Issue Analysis
ISSUE ANALYSIS No. 04
Series of 2014
EDCA and the Price of Inequality
By the Policy Study, Publication, and Advocacy (PSPA)
Center for People Empowerment in Governance (CenPEG)
May 6, 2014
Signed on April 28 by Defense Secretary Voltaire Gazmin and U.S. Ambassador Philip S. Goldberg, the Enhanced Defense Cooperation Agreement (EDCA) risks violating the country’s national sovereignty and invites American forces’ occupation of the Philippines under various ruses set forth in the new pact.
Constitutionality and extraterritoriality
In the guise of “enhanced defense cooperation,” EDCA construes U.S. military basing in the Philippines that is more expanded and extensive than its previous military facilities under the 1947 Military Bases Agreement. In the agreement, the U.S. will “preposition and store” military equipment, supplies, and materiel at AFP bases and other territories. Under their operational control, they can use airfields, ports, public roads, and community areas; as well as construct infrastructures and other facilities in so-called “agreed locations.”
The agreement may remain in force beyond the 10 years contemplated in the absence of any prior notice for its termination which is unlikely considering that the U.S. will not spend so much money for building the facilities aside from operations without being assured of a longer or permanent stay.
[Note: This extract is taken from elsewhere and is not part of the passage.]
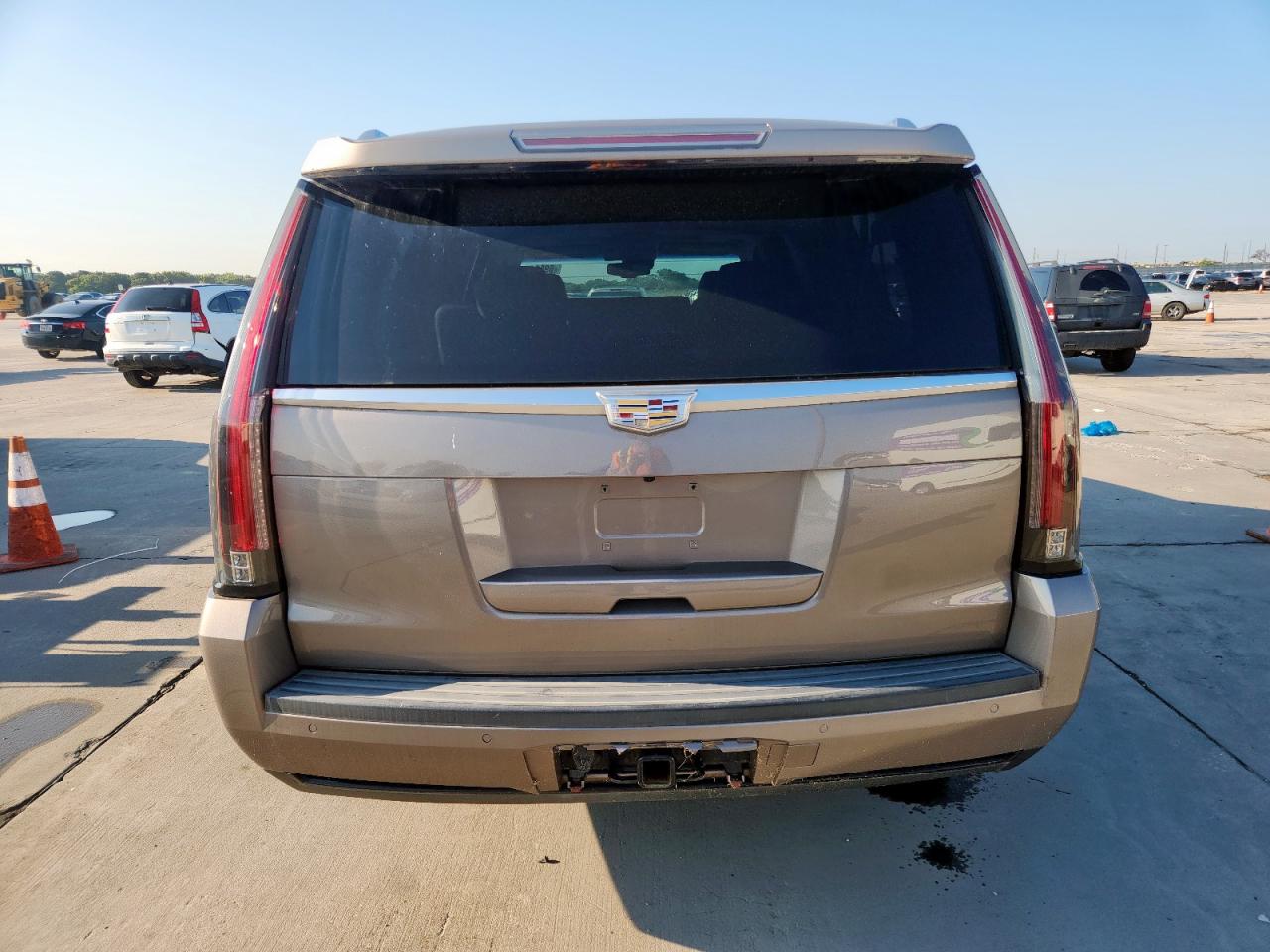 2015 Cadillac Escalade Esv Luxury VIN: 1GYS4SKJ9FR556059 Lot: 69801405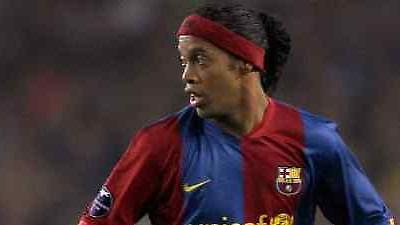 Ροναλντίνιο: «Για πολλά χρόνια στη ‘Μπάρτσα’»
The new facilities, continuing prepositioning and rotation of U.S. forces and military equipment as well as the use of airfields, ports, public roads, and other territories including waters throughout the Philippines are nothing less than a basing system.
There is no other way to call this new U.S. military presence particularly in so-called “agreed locations” such as within AFP camps – where they will operate for free - than as a base. An example is the U.S. Joint Special Operations Task Force – Philippines (JSOTF-P) facility for espionage, psy-ops, and other covert operations of the U.S. Special Forces built inside Camp Navarro, Zamboanga City since 2003. The JSOTF-P has become a permanent site with at least 500 U.S. special operations forces involved in secret operations inside and out at any time. AFP authorities have to ask for permission in order to access this secret and high-security base. The JSOTF-P and other facilities set up by U.S. forces since the VFA have been described by Pentagon documents as “forward or advance operating bases.”
Is there a basis for invoking the 1951 Mutual Defense Treaty (MDT) between the U.S. and the Philippines to justify EDCA? The MDT was a cold war instrument whereby the Philippines at that time was made to believe that an “external threat” was poised against her and the U.S. – the “totalitarian USSR," the newly-liberated communist China, and North Korea which sent forces into South Korea. The war in Indochina from which emerged the U.S. “domino theory” would heat up much later.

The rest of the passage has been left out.